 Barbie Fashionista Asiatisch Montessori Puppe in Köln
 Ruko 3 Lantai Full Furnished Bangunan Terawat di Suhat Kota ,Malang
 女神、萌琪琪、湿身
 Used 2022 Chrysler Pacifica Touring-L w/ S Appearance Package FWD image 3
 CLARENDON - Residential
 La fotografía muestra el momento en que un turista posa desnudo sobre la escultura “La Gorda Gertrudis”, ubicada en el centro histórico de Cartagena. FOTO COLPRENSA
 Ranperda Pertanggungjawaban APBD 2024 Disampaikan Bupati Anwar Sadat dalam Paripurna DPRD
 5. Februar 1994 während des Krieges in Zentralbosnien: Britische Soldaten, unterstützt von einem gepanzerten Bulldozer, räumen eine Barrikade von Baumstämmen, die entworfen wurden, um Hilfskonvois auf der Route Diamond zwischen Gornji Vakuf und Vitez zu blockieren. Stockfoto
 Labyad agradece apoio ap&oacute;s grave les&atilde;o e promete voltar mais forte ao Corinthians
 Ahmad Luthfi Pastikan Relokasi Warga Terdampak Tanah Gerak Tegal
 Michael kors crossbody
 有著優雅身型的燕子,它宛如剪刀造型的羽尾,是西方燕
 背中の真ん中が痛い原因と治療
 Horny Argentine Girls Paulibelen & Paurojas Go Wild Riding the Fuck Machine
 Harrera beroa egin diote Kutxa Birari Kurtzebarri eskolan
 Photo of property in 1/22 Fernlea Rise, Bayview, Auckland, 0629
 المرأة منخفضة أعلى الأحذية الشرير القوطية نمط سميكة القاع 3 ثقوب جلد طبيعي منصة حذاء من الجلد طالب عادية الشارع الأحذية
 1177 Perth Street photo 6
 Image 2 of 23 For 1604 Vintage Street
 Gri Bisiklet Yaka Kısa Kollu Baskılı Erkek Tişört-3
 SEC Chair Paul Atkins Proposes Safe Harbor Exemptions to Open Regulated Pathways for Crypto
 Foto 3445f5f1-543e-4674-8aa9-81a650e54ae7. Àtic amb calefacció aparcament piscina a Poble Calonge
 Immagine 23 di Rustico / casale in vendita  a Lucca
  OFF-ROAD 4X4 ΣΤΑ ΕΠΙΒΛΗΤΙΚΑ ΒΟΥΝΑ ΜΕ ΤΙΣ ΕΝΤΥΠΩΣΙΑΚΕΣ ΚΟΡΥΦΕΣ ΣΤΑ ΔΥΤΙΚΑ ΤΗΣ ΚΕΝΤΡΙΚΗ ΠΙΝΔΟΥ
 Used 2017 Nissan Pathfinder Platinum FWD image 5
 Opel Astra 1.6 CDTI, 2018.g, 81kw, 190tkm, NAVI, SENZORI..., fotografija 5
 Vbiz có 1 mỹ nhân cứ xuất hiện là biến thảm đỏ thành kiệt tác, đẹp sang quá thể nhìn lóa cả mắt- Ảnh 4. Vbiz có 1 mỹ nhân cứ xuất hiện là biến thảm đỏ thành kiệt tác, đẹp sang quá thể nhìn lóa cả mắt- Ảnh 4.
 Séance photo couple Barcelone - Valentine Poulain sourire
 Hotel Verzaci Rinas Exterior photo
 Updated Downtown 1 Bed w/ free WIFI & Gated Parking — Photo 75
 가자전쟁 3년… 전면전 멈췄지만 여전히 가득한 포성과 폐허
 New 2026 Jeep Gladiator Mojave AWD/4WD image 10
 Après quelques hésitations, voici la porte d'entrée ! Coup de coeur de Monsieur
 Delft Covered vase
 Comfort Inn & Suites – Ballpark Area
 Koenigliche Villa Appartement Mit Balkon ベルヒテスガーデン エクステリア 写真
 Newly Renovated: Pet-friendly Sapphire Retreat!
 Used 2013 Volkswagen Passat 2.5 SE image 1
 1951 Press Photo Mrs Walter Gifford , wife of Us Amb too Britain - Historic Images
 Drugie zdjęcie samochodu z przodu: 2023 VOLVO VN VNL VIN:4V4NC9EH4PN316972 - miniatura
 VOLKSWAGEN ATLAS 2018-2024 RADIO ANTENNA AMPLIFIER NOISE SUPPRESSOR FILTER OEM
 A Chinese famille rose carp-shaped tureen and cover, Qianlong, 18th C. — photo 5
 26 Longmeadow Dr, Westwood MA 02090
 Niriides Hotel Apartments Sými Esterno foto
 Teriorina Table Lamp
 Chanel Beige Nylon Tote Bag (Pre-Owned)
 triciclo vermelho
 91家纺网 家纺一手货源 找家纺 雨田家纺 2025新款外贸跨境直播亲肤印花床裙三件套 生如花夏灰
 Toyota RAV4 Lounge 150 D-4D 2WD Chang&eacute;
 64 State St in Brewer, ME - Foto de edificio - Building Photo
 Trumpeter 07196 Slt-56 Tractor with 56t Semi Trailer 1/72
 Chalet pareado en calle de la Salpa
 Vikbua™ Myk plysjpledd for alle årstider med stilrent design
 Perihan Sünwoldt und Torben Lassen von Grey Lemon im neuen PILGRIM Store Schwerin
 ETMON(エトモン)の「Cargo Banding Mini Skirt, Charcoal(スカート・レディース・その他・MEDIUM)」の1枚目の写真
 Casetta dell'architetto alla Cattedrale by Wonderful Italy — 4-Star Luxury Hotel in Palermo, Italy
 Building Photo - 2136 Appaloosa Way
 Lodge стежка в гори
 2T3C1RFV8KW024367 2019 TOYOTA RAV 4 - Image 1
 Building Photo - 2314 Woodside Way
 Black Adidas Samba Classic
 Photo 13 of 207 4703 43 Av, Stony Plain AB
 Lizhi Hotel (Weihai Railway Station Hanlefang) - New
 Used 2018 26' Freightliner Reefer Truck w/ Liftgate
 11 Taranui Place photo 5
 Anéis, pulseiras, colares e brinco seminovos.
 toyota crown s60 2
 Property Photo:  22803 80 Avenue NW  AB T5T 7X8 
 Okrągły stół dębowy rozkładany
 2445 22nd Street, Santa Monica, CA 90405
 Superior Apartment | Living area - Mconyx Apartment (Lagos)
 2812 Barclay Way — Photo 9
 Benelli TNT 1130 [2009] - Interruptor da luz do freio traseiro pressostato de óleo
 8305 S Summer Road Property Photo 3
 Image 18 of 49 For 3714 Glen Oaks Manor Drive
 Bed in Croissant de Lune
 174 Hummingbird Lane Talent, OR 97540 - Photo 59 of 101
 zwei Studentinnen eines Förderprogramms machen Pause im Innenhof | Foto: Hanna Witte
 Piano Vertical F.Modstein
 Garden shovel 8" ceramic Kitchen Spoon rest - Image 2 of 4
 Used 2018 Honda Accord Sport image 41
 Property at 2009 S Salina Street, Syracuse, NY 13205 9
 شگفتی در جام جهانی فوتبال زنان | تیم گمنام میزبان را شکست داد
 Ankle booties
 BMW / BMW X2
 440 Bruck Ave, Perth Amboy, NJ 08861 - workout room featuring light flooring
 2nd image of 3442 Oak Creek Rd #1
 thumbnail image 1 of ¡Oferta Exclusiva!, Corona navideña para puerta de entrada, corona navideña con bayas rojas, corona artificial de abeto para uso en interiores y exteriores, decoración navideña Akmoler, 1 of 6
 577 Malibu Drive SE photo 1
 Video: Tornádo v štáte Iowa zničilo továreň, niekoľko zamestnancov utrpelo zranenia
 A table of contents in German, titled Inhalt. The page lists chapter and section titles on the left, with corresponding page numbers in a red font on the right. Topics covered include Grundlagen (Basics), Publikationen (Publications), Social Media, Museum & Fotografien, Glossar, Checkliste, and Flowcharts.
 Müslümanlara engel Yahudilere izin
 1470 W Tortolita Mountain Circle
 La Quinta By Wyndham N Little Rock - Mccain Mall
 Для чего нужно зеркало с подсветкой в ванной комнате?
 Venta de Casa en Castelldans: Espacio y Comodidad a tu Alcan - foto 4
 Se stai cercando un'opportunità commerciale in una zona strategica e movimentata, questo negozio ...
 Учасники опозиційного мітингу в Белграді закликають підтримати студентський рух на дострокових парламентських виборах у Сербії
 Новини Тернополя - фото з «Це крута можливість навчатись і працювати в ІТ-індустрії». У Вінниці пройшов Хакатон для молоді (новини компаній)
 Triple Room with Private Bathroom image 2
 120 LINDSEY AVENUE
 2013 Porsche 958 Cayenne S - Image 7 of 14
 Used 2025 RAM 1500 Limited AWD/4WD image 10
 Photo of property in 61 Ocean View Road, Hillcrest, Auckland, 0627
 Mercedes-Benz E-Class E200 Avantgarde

※ ※ ※

EXERCISE BRIEF: Copy each line above that has the word "with".

OUTPUT FOR THIS EXERCISE:
 Trumpeter 07196 Slt-56 Tractor with 56t Semi Trailer 1/72
 A table of contents in German, titled Inhalt. The page lists chapter and section titles on the left, with corresponding page numbers in a red font on the right. Topics covered include Grundlagen (Basics), Publikationen (Publications), Social Media, Museum & Fotografien, Glossar, Checkliste, and Flowcharts.
 Triple Room with Private Bathroom image 2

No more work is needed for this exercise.